DATASET EXTRACT:
§ §
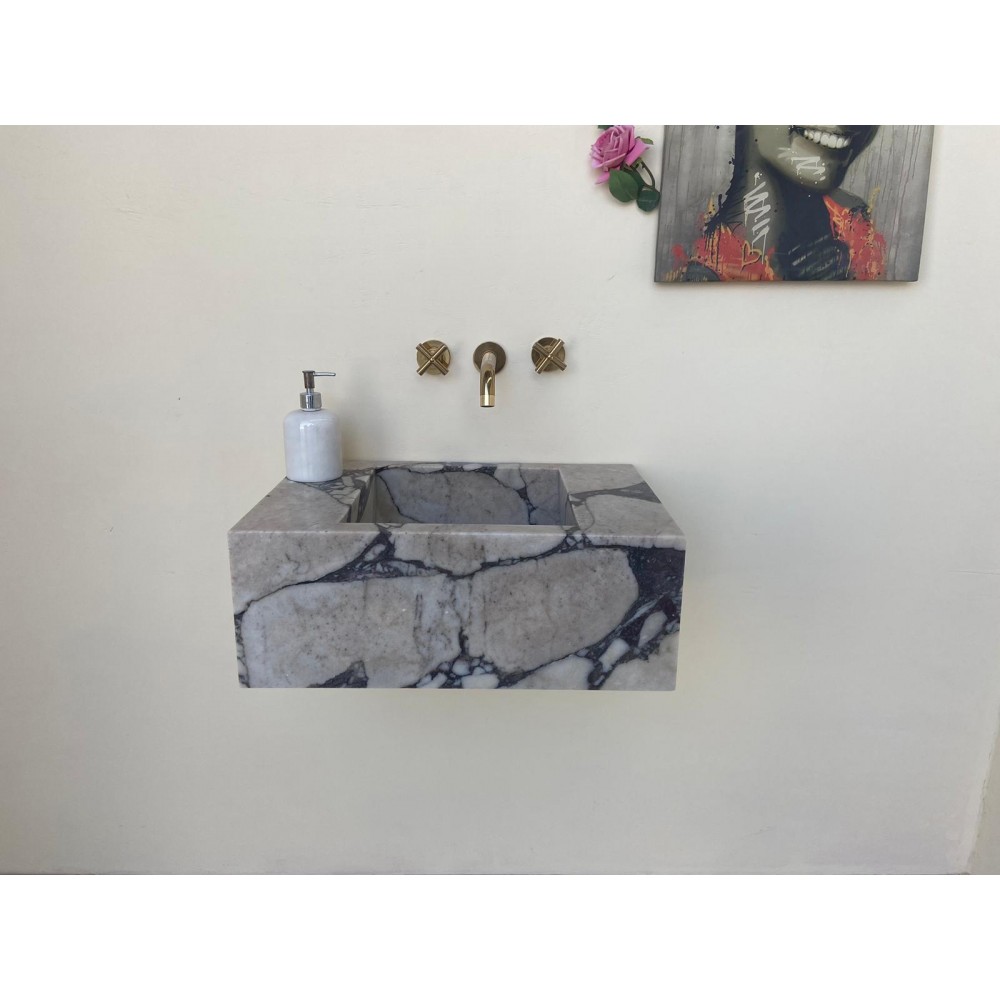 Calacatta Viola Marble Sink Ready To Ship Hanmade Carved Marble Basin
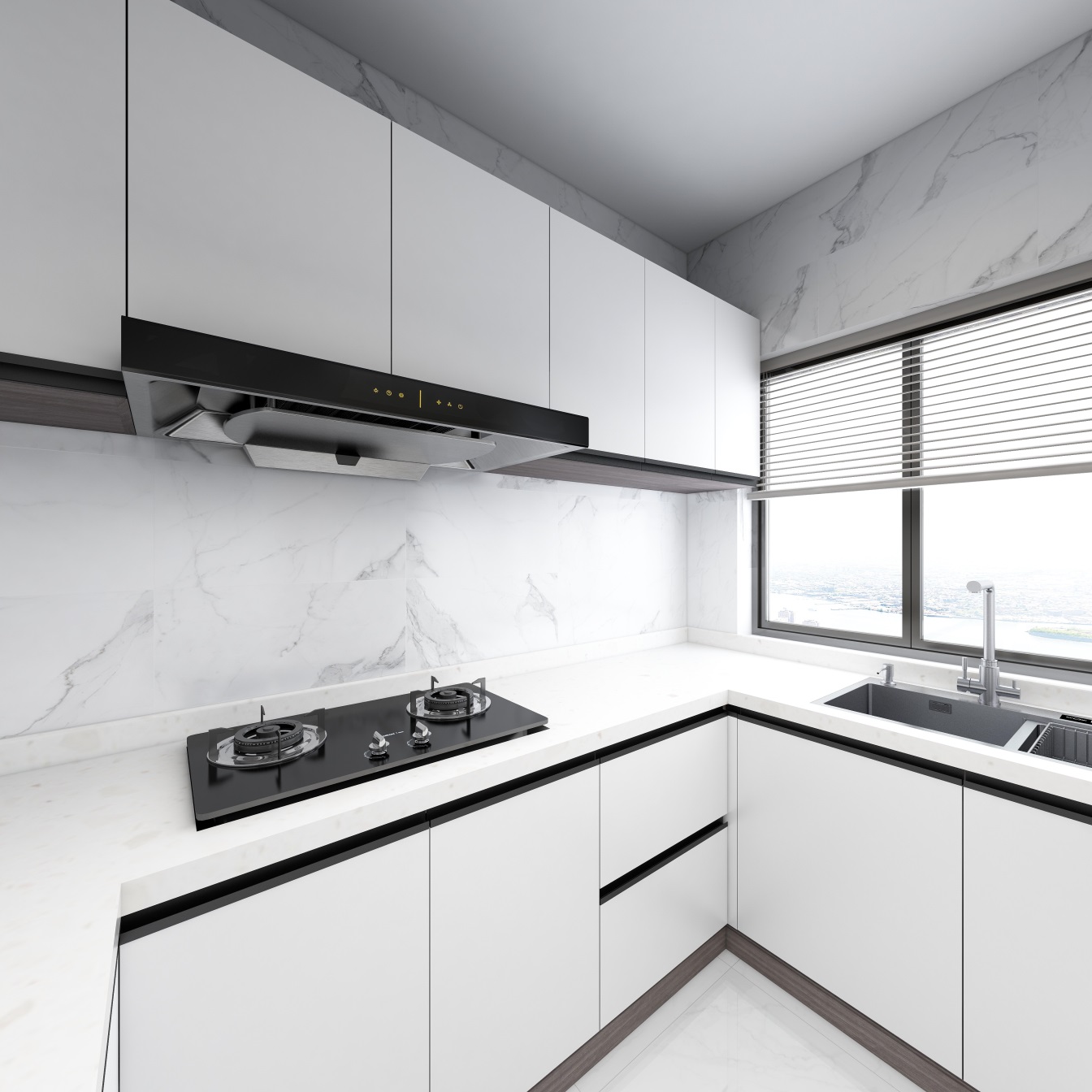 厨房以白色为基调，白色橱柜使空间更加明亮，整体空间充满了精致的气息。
§ §
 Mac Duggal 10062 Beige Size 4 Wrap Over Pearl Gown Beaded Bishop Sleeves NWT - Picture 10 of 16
§ §
YOUR OBJECTIVE: Reproduce the lines above starting at the one with "Calacatta Viola Marble" and ending at the one with "厨房以白色为基调，白色橱柜使空间更加明亮，整体空间充满了精致的气息。", both included, exactly and with no pictures.

WRITTEN RESPONSE:
 Calacatta Viola Marble Sink Ready To Ship Hanmade Carved Marble Basin
 厨房以白色为基调，白色橱柜使空间更加明亮，整体空间充满了精致的气息。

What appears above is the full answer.